I found this interesting. They taught two different groups about scientific reasoning/logic. One group was given contradictory information, at times, and asked to make decisions. The other group was given the information without these contradictory/missing information instances. The first group, the ones who were intentionally confused, did better on a touch post-learning test.
Note the end of the article discusses when confusion is not good and what else needs to be present for confusion to be effective.
This fits gut feelings I have had around confusion and learning to tolerate it. I experience this as something akin to physical exertion or strain - like seeing how far one can swim underwater - holding one’s breath, that is. That if I accept the confusion and my reactions to it, but stay with it, I learn more. I actually would have thought I would learn more LONG TERM since I can navigate tough situations without giving up. But this article suggests that even immediately after learning situations with added confusion, one has learned more.
I like that.
Just associated this with Synectics - which uses metaphors and other really rather confusing exercises for innovation - and Zen Koans.
I imagine this stems from the fact that something with contradictory or highly confusing information requires more attention to figure out than something that’s straight-forward. More attention would result in higher retention/understanding for obvious reasons.
Adding confusion, then, wouldn’t be an all-around good idea. It wouldn’t help you learn any better things you were already highly interested in. And it wouldn’t help you learn better things that you’re not going to be interested in anyway, even if you’re confused, and it could sometimes take your interest away – I know I lose interest in convoluted posts on ILP. It’s a double-edged sword, to be used sparingly, not a fix-all, “LET’S ADD CONFUSION TO EVERYTHING, IT’S GOOD FOR LEARNING!” type deal.
I think that is what they concluded. The learner really has to wrestle with what they are being presented with. They cannot simply memorize. Though it wasn’t more attention, they attended for the same amount of time as the controls, I believe. It was the kind of attention.
I am not sure that is the case. I don’t think it was simply motivational. But another way for me to disagree is that where one has interest one is more likely to undergo confusion and other discomfort. So it might be hard to separate out these two.

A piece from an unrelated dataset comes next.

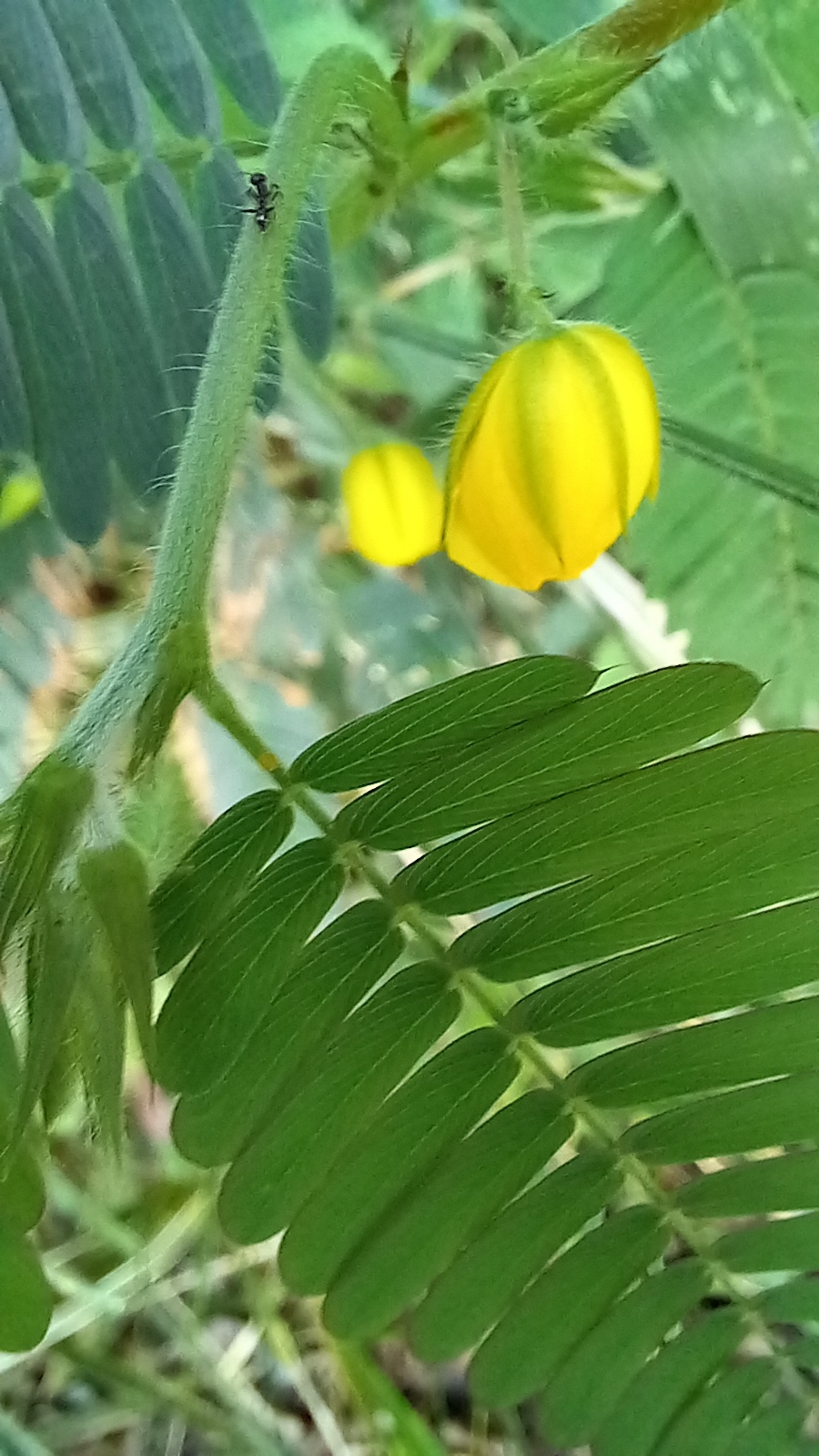 Photo of Magnoliopsida (2/6)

yes, I did mention they make clear in the article specific situations where it is not a good idea to confuse people and also what must also be present for confusion to make learning more effective and that degree was an issue. They do not see it as a fix all, but rather a facet that is useful rather than purely negative. I can imagine that teachers, for example, might think they need to have the elimination or minimization of confusion as their goals, but this is not correct. If the research holds, that is.